The expected behavior would have been for the link click to open in a new OS Browser window, keeping the application intact and allowing the user to get back to it once they are done.

The solution in general is to track every external link with a script and open them using the window.open(url, '_system') call as illustrated here. Remember that this script will have to run in your wrapped app to work otherwise you will need to communicate the link url back to the wrapper app and issue the window.open call.

Android Only: Back Button

On Android you will have to be careful and plan out what happens when the user clicks on the Back button whether it’s a hardware or software button. If your wrapped app is a SPA, this can leads to some weird situations with your app state.

First thing to know is that there is a configuration for it in the InAppBrowser launch options:

hardwareback: set to yes to use the hardware back button to navigate backwards through the InAppBrowser‘s history. If there is no previous page, the InAppBrowser will close. The default value is yes, so you must set it to no if you want the back button to simply close the InAppBrowser.

If it is set to yesand your SPA handles back history fine, if the user gets back to the first page in your history and touches the Back button again, they will be taken back to the entry page of your wrapper app!

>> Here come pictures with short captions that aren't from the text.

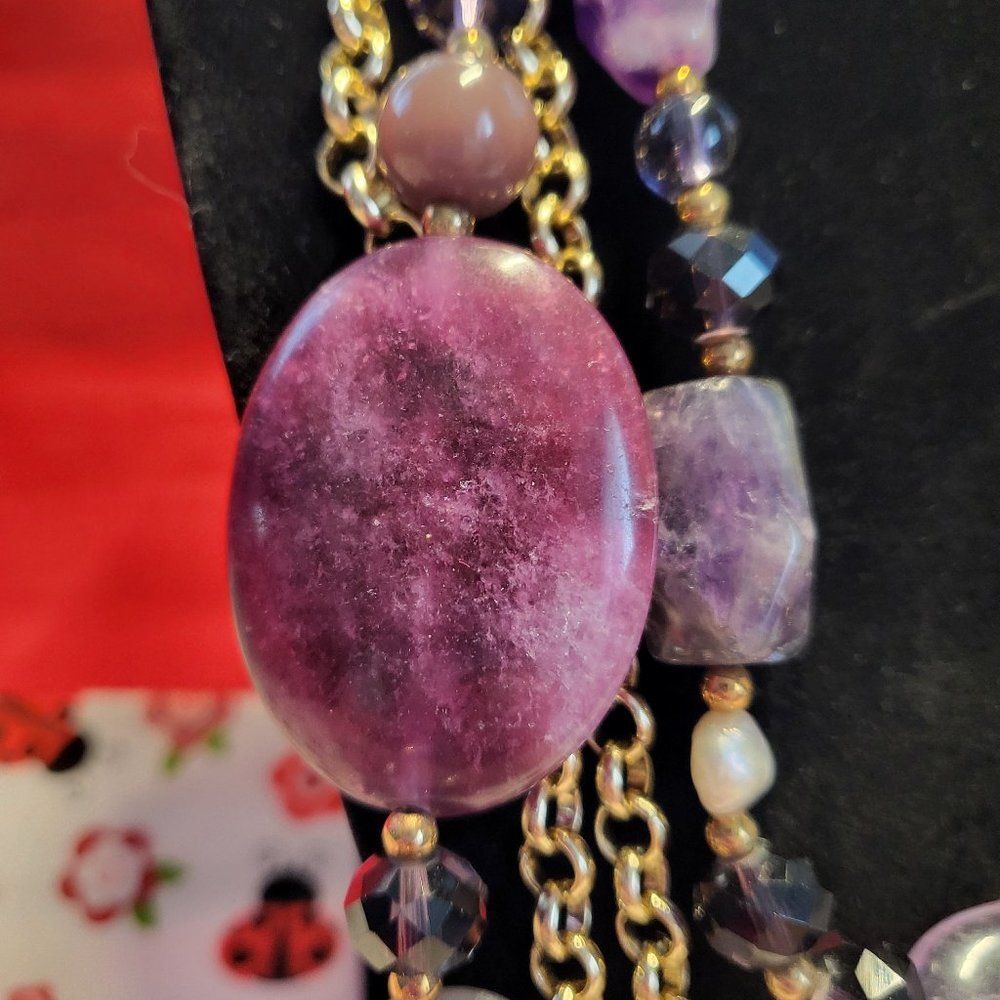 Amethyst Beaded Multi-Strand Statement Necklace - image 3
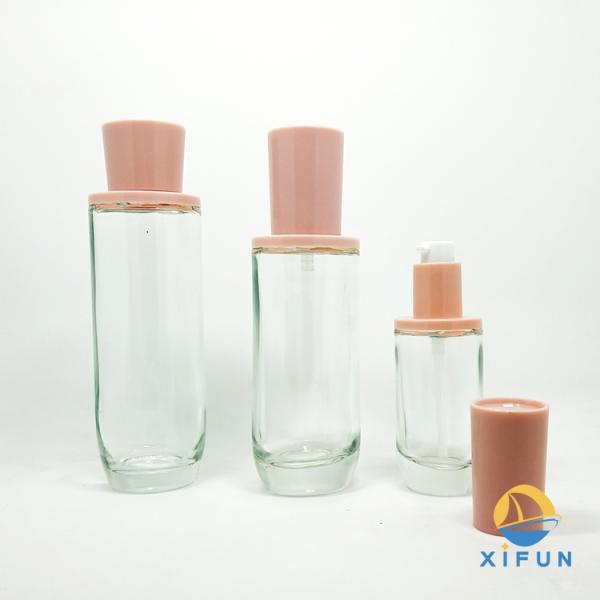 Round Shape Glass Pump Bottles , Transparent Small Lotion Containers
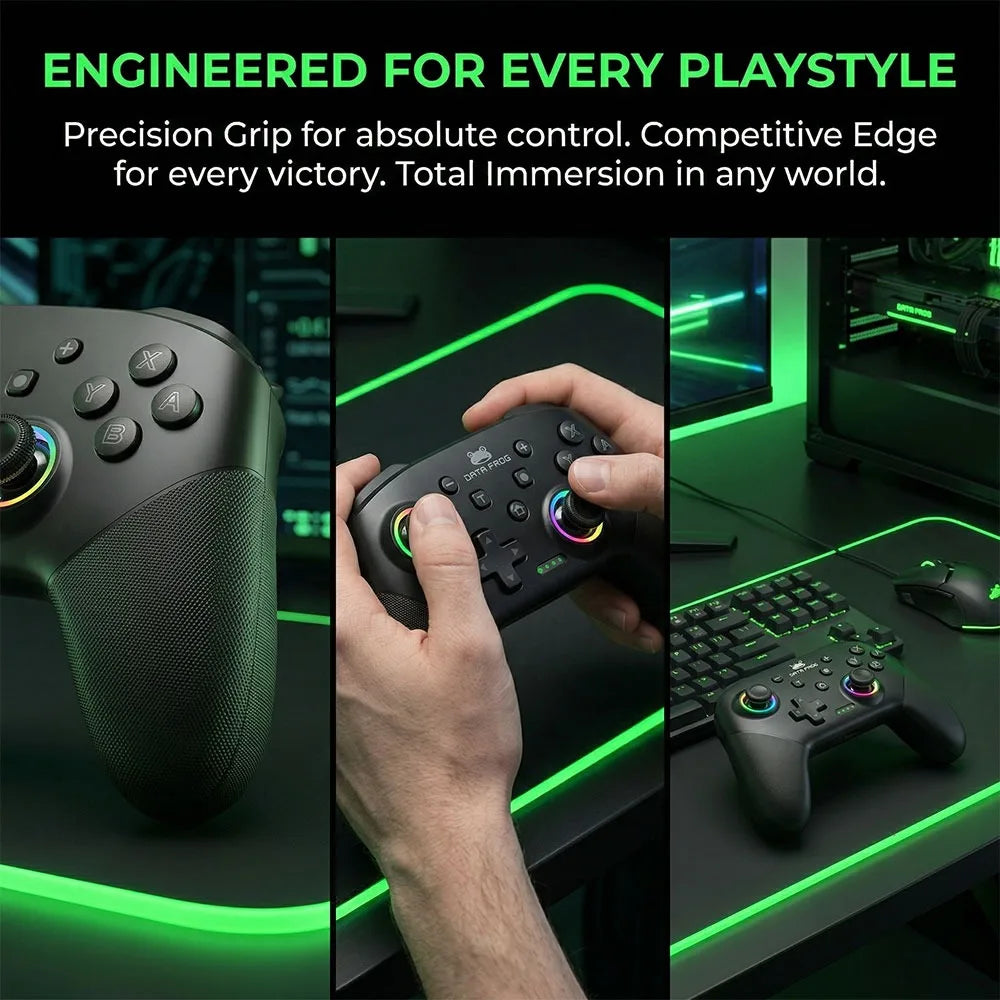 Wireless Gaming Controller Dual Shock Gamepad for Switch PC Android iOS Ergonomic Handle with Phone Clip and Joystick Accessory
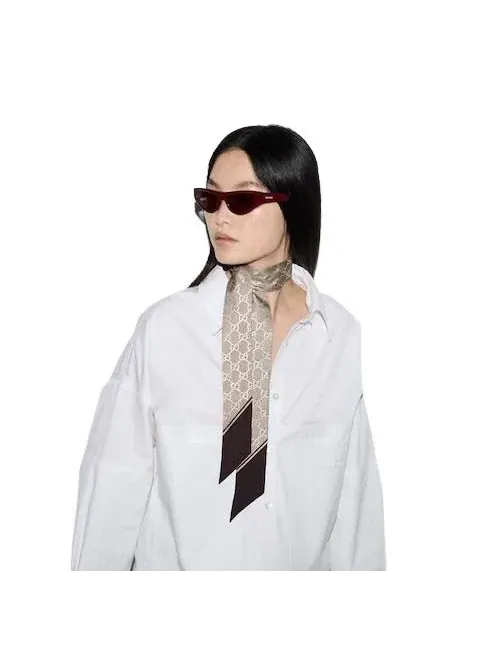 (WMNS) Шелковый шарф Gucci 26 — изображение 3 из 4, коричневый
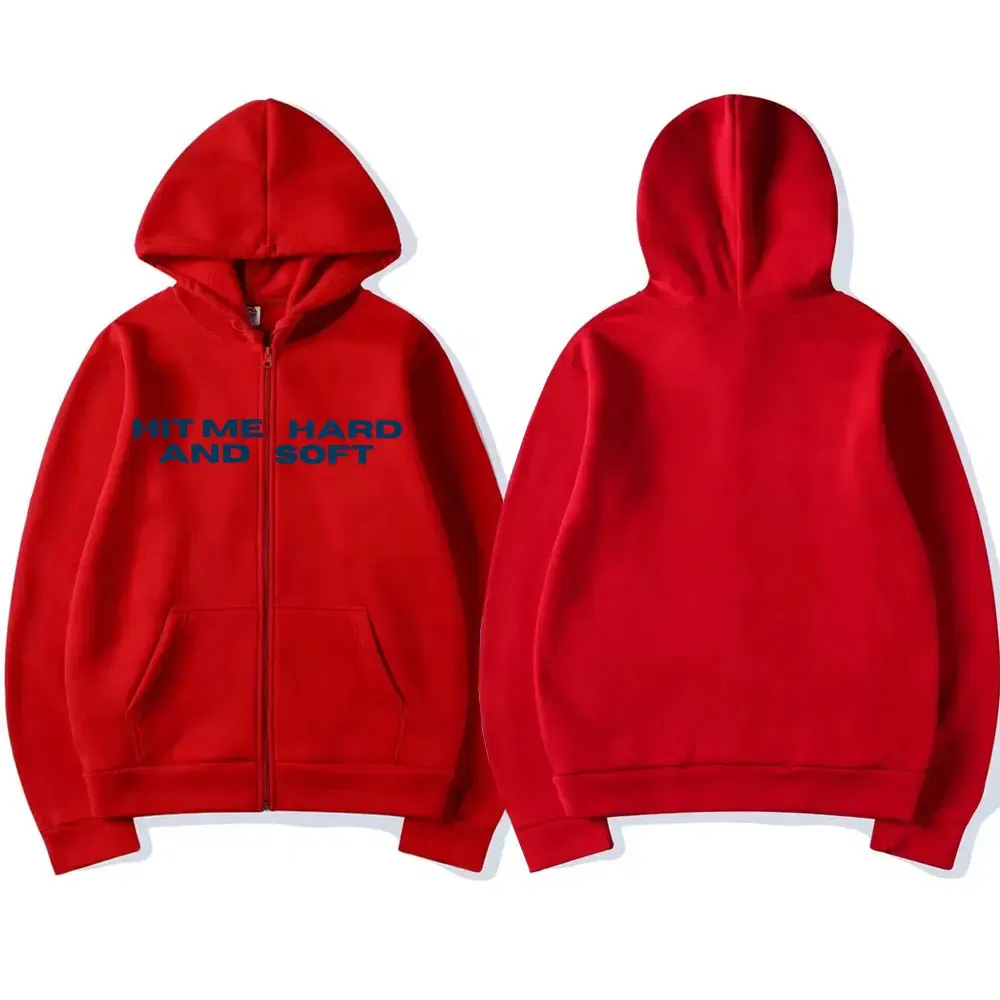 Color: Ivory, Size: XXL - Hit Me Hard and Soft 2025 Tour Zipper Hoodies Men Women Harajuku Pullovers Fashion Hip Hop Zip Up Sweatshirts Jackets Fans Gift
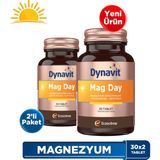 Dynavit Mag Day 30 Tablet X2- Sabah / Gündüz Magnezyum - Mag Sitrat & Malat, Gotu Kola, Ginkgo Biloba, B6 Vit - Aromasız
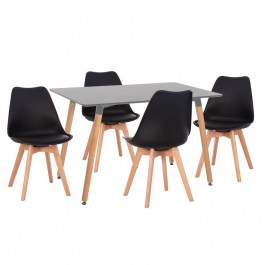 Dining Set Vegas HM21185 (Set 5pcs) 120x60x74cm Light Grey-Black GREY-BLACK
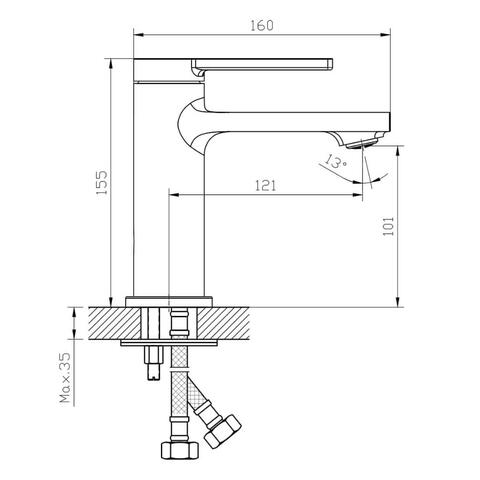 Orange Splito M36-021cr однозахватный смеситель для раковины Графит sun-id-1517295 - Вид №1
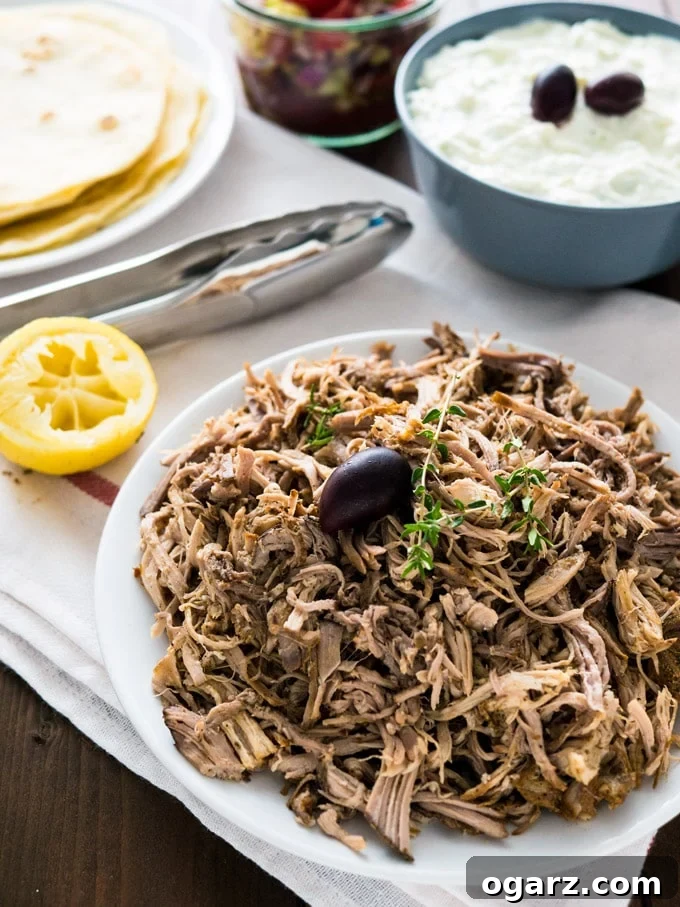 Mediterranean Slow Cooker Pulled Pork Gyros 6 Beautifully presented Slow Cooker Pulled Pork Gyros with a side of fresh toppings and tzatziki for a complete meal.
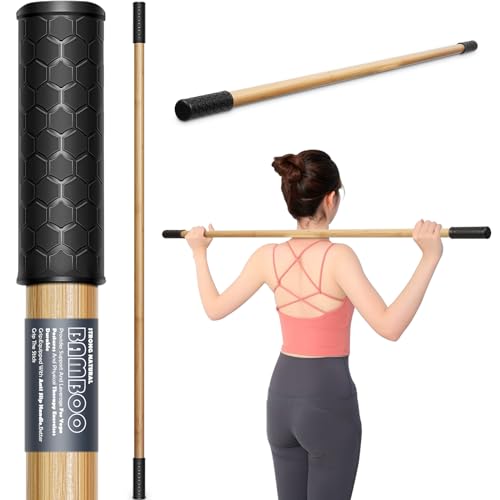 Mobilitätsstab, 150 cm Bambus Stretch Stick für Physiotherapie, Premium Yoga Dübel mit super stabilen Gummigriffenden, Übungsstange für Haltungskorrektur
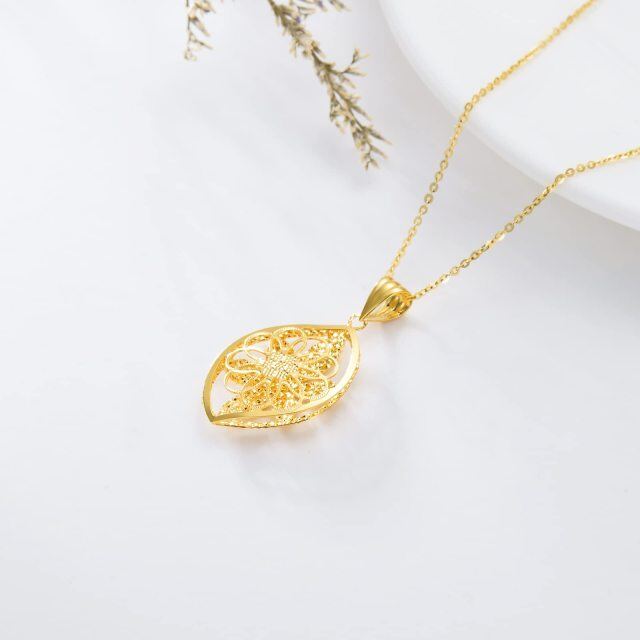 18K Gold Leaves Pendant Necklace-2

Again not optimal and it breaks the experience of native and leaves the user confused again. One way to handle it would be to listen to the exit event on the InAppBrowser window so that when it is closed, the wrapper itself also is closed. Check this StackOverflow issue for alternatives.

Angular Only: ngZone for event handlers

After working with Cordova/Phonegap for a while and installing plugins, you’ll become familiar with how Cordova exposes functionality through events and event callbacks or promises. One gotcha if you’re working with Angular (>v4) is that these are events that are happening outside of Angular and if you remember even from AngularJS, any event happening outside of AngularJS needs to be synced with the AngularJS digest cycle using the $scope.apply() function. It’s no different in Angular expect now that Angular run in zones and uses the ngZone.run() function to re-enter the Angular zone. If you have Cordova plugin events firing and you are not able to tap into them in Angular, make sure to capture the event within a run function call as illustrated here in this example service for the Back button event being fired.

import { Injectable, NgZone } from '@angular/core';
@Injectable()
export class BackButtonService {
constructor(private logger: DebugLogService,
private ngZone: NgZone) {
document.addEventListener('backbutton', () => {
this.ngZone.run(() => {
console.log('Back button has been pressed')
});
}, false);
}
}

Summary

Although the initial goal of wrapping an existing web app into a native mobile app might look simple enough with Cordova/Phonegap, in practice there a quite a few pitfalls in making sure that the experience is optimal for users and fulfills their expectations for what a native app experience is. Behind the scene there will be quite a few orchestrations to put in place to maintain the illusion of native. I would then only recommend this approach as a stop gap measure while either a more appropriate native or hybrid app is being developed. Even they don’t work on Safari yet thus making them a more limited choice at this point, Progressive Web Applications are also a very viable option when targeting mobile applications.